Doctor Who: Demons Of The Punjab (S11E06) Review


Shirt Watch: Red

Previously, on “Doctor Who”: they not only recovered the TARDIS but also tangled with the Death-Eye Turtle Army (the alternate Season 11 that we’re not being shown sounds amazing). We now return to Yaz’ Gran’s birthday party already in progress…

When Yaz receives a gift of an old, broken watch from her grandmother Umbreen who tells her it is a priceless family heirloom which must be cared for but never repaired, she pesters the Doctor into taking her back in time to see her Gran when she was young. Reluctantly, the Doctor does so but no sooner have the gang arrived than they discover Yaz’ grandmother is about to marry a man who is not Yaz’ grandfather and ‘demons’ stalk the forest.

Six weeks into this new era of the show and once again, we have yet another episode focussed on showcasing historical injustices rather than having its hero dispensing some justice of her own.
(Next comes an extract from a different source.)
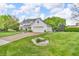 Beautiful home with lush lawn, manicured landscaping, and an inviting driveway leading to a two-car garage at 14809 Senator Way, Carmel, IN 46032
Six episodes in and not a single ‘baddie’ defeated. Sent home, sent back further in time, left to starve or suffocate to death ‘humanely’ or well fed, yes, but defeated/ destroyed? Not so much.

The Doctor takes very little convincing to let a companion potter around in their own timeline, indicating she’s rather softened on the idea since “Father’s Day”. Perhaps all the nonsense with ‘the impossible girl’ has made her blasé. Speaking of ‘the impossible girl’, remember ‘the timeless child’? Pepperidge Farm remembers and I hope to Rassilon Chibnall does too.

Ultimately, it’s a potent episode, complete with some of the best production values, cinematography and direction of the series so far. The location work, shot in Granada, Spain, looks authentically sub-continental and the incidental music by Segun Akinola is superbly evocative.

Less successful in bringing Vinay Patel’s poignant script to life is the guest cast, particularly Shane Zaza as Prem, Umbreen’s would-be husband who, as a central figure to the entire story, is often too stiff and wooden in his delivery and awkward in his timing to draw you fully into his story. He’s not helped, though, by a script which has slightly too much to accomplish in the runtime afforded so it vacillates between exploring the wider religious and political issues and fleshing out the human drama and ends up leaving neither particularly well served.

Like “Rosa”, this is a glancing blow against the complexities and realities of the history of the time but will hopefully serve as a jumping off point for people to learn more about the era. To take the episode at face value would be to believe that the partition was responsible for creating the religious and political schisms which divided nations and families alike rather than exacerbating existing internecine conflicts instead of solving them. Also, like “Rosa”, the science fiction element of the episode was ultimately intrusive and a waste of time when the historical and personal aspects of the story are left crying out for further development.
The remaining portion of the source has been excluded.